Inny przykład: tuman - litościwie nie użyję bardziej adekwatnego określenia - pchający się pod włos z Czerwonej Ławki w kierunku Doliny Pięciu Stawów Spiskich. Takie przykłady możnaby mnożyć, dlatego uważam, że wskazówek, o których wspomnałeś nigdy za wiele.

Macro
08-12-2007, 21:18
...eee przesadzasz, sam tak łażę i troche moich znajomych , no może z mapą i wiem gdzie idę, a i sprzętowo jestem przygotowany. Ale praktyka wygląda tak, że wieczorem pakowanko, potem do 1:00 na forum nikona :-), pobudka o 5:00, o 6 wyjazd. szybki przelot zakopianką ( rano przejezdna), ok 8:30 jesteśmy u wrót jakiejś dolinki, a 12-13 pow 2000mnp. o 19 po wycieczce , po drodze jeszcze mały "popas" w Rabce ( polecam "Siwy Dym'). Powrót przez Wadowice i ok 23 domek. Tylko na drugi dzień nie bardzo chce sie iść do pracy
Hmm - jakoś zapomniałem o tym wątku :/

Wcale nie przesadzam. Właśnie sam napisałeś kluczową różnicę pomiędzy tobą, a wspomnianą znajomą. Masz mapę, wiesz gdzie idziesz no i jesteś przygotowany. Wypad na jeden dzień i chodzenie po nieprzespanej nocy jest w pełni normalne i sam tak wiele razy robiłem (np: bo po co mam tracić dzień jak przyjechałem rano pociągiem) :)

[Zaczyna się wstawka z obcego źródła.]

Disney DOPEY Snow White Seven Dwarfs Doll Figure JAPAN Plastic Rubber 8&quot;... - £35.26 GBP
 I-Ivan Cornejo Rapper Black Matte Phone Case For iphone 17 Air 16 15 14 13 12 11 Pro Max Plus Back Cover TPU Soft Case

Mnie chodziło o to, że ona była pierwszy raz w Tatrach, generalnie po górach nie chodzi, mapy nie miała i absolutnie nie interesowało jej, że istnieje coś takiego jak orla perć (pomijając faktyczną trudność tego szlaku). Nauczkę dostała, bo przez resztę dosyć krótkiego wyjazdu praktycznie nie wyszła nigdzie więcej (kolosalne zakwasy i obtarcia). Dobrze, że tylko na tym się skończyło.